CME Group’s average daily volumes reached an all-time high of 22.2 million contracts in the first quarter, up 30% year on year, the exchange said on Tuesday April 3.
Metals volumes stood at 713,000 contracts per day during the quarter, up 39% from the first three months of 2017. Option volumes averaged 4.9 million contracts per day, up 31% in the same comparison.
While China and the United States clash over tariffs and intellectual property theft, opening the door for a prolonged trade war, the CME is benefiting from the spike in volatility.
Copper prices crashed in March following President Donald Trump’s signing of aluminium and steel tariffs and pivot to targeting China for potential import restrictions that could cost the Asian country $50 billion. The world’s second-largest economy launched its own retaliatory tariffs on US goods, such as pork and soybeans.
Ongoing uncertainty increases volatility, which in turn leads investors to migrate to exchanges like the CME where they can hedge risk, CME global head of metals products Young-Jin Chang told American Metal Market in an interview earlier this year.

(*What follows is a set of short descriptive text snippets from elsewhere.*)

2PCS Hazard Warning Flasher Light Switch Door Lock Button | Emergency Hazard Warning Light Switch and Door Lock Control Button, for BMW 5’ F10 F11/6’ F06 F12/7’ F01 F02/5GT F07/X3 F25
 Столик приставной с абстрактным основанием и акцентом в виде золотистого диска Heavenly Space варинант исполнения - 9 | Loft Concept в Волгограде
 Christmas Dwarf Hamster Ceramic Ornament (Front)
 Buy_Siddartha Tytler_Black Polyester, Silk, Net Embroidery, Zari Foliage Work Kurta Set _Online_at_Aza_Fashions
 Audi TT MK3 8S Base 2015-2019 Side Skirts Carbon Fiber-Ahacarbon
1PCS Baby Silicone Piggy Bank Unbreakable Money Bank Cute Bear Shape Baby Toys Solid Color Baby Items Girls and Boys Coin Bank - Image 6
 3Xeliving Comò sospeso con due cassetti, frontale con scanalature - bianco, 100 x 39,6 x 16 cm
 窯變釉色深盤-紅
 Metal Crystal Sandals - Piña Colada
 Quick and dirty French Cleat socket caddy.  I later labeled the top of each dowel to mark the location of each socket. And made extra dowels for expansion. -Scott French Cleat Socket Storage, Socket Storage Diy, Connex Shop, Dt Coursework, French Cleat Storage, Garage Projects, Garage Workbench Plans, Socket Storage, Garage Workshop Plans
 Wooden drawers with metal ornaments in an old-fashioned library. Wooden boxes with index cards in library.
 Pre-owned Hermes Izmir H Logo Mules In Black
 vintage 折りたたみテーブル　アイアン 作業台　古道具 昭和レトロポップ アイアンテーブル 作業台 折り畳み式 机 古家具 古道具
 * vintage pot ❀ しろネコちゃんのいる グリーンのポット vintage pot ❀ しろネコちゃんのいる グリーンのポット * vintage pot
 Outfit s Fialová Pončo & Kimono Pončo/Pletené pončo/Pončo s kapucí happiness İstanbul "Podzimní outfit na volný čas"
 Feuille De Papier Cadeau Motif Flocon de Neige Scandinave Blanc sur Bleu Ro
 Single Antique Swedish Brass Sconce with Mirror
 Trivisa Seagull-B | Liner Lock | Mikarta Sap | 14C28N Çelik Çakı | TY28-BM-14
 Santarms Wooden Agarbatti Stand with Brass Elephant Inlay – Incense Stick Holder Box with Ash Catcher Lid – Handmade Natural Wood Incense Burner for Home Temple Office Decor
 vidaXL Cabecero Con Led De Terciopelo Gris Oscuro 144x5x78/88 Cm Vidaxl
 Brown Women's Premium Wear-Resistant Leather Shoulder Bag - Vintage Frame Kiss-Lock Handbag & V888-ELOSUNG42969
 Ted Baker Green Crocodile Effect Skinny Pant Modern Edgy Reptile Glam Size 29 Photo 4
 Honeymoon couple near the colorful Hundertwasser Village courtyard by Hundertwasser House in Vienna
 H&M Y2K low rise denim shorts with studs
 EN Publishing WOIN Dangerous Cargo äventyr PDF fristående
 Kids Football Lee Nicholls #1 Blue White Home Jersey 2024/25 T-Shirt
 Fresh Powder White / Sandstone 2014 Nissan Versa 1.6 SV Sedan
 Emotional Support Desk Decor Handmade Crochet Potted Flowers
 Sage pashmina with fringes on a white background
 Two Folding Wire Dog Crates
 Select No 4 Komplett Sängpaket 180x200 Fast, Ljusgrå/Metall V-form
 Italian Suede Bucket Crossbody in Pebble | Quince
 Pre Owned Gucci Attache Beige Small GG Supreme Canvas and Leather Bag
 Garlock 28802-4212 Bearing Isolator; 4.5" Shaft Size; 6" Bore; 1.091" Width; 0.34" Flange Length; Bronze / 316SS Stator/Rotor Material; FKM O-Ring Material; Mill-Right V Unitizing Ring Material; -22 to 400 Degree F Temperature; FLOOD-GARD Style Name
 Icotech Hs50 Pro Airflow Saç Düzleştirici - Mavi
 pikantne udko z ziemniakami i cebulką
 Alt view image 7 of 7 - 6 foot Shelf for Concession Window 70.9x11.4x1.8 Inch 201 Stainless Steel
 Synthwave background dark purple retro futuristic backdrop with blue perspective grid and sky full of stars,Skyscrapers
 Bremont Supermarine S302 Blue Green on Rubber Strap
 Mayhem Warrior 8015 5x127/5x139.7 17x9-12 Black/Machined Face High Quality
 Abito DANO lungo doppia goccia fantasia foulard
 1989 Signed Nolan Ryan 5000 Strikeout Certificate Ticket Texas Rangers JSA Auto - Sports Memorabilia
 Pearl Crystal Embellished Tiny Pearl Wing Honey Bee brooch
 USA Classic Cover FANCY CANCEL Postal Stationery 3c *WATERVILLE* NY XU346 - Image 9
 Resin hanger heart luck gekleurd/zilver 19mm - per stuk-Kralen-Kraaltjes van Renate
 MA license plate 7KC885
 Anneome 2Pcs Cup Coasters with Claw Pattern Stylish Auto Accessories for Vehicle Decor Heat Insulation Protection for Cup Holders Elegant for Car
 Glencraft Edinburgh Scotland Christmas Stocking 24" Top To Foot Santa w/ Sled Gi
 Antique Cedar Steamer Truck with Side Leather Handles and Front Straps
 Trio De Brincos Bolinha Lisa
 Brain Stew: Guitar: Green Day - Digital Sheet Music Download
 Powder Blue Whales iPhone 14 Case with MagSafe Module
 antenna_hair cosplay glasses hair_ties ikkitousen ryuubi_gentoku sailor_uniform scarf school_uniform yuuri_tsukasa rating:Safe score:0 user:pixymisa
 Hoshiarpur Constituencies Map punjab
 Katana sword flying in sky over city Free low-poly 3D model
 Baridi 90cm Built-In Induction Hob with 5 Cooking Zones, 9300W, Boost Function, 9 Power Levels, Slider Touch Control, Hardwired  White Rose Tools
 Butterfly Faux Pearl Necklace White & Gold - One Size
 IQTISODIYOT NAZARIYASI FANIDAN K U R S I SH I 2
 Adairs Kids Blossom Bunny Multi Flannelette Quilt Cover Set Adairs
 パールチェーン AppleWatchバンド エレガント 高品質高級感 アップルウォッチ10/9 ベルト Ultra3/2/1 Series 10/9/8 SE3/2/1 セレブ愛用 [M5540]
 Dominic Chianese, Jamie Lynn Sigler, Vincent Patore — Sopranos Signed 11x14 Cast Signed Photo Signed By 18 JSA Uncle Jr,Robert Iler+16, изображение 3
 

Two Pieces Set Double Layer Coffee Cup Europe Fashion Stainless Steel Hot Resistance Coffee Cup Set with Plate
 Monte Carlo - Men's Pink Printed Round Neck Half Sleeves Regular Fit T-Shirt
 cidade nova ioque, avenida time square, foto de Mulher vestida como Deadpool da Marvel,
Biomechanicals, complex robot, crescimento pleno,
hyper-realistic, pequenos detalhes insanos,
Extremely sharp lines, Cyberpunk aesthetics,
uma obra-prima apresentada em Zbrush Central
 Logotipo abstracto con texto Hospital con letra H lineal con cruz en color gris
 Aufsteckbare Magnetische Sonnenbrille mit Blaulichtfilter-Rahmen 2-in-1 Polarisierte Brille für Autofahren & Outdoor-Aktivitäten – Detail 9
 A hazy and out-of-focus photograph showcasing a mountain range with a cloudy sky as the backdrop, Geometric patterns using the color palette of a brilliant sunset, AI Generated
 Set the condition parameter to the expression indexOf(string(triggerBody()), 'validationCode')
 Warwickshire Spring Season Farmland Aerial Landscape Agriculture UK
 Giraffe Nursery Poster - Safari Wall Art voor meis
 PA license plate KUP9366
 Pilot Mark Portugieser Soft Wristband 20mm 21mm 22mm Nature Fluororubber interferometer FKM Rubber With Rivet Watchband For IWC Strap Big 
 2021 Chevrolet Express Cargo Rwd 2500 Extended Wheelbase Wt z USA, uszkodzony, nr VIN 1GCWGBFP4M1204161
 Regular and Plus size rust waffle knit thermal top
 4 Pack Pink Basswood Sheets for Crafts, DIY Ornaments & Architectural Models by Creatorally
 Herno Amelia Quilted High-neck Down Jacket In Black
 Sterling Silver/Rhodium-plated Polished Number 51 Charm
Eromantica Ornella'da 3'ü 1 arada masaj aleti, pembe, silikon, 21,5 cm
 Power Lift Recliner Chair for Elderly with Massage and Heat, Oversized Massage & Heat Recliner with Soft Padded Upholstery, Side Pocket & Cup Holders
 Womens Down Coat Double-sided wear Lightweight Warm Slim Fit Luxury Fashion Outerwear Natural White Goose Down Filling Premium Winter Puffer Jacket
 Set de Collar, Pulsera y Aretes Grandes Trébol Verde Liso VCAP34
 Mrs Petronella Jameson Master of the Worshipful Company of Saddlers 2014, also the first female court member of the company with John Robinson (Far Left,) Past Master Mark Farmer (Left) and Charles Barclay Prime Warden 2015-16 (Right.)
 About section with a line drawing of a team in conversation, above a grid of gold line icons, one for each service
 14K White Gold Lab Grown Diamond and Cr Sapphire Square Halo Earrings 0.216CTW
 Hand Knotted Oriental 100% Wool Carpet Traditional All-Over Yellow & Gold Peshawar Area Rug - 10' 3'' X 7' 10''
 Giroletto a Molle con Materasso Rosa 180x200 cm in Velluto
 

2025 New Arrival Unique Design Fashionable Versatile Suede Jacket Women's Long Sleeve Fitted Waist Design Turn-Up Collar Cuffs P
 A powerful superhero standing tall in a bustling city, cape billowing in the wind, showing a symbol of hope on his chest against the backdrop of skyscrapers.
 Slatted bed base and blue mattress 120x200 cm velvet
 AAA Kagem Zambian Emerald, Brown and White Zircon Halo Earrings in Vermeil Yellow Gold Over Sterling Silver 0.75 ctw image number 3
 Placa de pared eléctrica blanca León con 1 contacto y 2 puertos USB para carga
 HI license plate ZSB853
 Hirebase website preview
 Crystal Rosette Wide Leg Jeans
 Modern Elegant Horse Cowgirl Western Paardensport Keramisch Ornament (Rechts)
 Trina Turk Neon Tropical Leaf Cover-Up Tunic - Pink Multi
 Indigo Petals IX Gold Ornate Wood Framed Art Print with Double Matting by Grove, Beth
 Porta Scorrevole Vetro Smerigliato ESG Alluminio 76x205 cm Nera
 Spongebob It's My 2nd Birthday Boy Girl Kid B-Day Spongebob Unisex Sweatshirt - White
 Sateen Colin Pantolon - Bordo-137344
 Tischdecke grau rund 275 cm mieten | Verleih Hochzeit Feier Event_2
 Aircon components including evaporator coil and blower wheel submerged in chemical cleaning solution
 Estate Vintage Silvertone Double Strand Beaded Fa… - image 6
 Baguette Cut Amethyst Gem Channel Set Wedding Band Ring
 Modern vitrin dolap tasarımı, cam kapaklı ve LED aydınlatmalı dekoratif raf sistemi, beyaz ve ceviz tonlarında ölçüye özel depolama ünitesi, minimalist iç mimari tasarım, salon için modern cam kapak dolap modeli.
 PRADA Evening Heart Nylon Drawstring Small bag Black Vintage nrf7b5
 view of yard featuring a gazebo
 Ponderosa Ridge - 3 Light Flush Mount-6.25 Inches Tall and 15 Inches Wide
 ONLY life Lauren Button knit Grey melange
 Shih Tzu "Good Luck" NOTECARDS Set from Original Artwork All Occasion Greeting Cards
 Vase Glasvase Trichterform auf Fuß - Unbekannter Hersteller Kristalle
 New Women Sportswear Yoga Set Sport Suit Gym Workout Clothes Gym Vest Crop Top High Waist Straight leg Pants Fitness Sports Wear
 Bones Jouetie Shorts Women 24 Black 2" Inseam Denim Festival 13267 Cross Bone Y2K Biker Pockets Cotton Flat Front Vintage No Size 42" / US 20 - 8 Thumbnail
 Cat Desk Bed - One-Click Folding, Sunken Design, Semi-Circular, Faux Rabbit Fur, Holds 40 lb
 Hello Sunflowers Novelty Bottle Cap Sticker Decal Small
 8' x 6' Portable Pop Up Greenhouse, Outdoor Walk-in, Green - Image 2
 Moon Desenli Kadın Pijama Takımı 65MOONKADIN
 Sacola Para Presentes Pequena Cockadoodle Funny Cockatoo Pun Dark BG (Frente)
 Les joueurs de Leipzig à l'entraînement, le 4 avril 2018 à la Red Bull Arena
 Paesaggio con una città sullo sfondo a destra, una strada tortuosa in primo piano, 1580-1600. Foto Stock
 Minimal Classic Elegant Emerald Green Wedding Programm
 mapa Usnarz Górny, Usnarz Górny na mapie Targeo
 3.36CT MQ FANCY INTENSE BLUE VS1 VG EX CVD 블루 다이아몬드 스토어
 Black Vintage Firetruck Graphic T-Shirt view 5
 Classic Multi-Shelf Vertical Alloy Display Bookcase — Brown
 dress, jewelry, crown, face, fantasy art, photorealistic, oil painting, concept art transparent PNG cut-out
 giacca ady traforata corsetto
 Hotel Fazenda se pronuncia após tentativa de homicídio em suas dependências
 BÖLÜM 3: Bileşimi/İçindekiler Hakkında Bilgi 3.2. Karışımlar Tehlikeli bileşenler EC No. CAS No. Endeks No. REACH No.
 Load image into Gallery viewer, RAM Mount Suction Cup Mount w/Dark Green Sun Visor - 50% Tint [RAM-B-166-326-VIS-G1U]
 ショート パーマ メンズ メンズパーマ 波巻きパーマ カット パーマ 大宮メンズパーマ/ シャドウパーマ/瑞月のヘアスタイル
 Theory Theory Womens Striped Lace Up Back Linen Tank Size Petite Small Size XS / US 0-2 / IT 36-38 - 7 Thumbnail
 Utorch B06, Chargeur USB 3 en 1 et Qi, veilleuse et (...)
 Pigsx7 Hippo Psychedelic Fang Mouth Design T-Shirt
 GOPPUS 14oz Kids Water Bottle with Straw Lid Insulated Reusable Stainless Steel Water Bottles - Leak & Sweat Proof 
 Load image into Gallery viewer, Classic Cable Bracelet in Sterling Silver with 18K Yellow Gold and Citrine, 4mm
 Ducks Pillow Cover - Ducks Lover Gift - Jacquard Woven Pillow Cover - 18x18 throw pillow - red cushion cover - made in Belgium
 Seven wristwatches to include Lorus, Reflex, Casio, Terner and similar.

But that has not translated to higher US copper premiums. Still, April is traditionally when demand peaks, consumer interest leads to increased spot deals and copper premiums experience upward pressure.
American Metal Market’s assessment of the US Midwest copper cathode premium was at 5.5-6 cents per lb on April 3, unchanged since late January.
Some analysts are optimistic that prices will rise in the coming months, with INTL FCStone analyst Edward Meir indicating this week that the market is oversold, drawn down by exaggerated trade fears.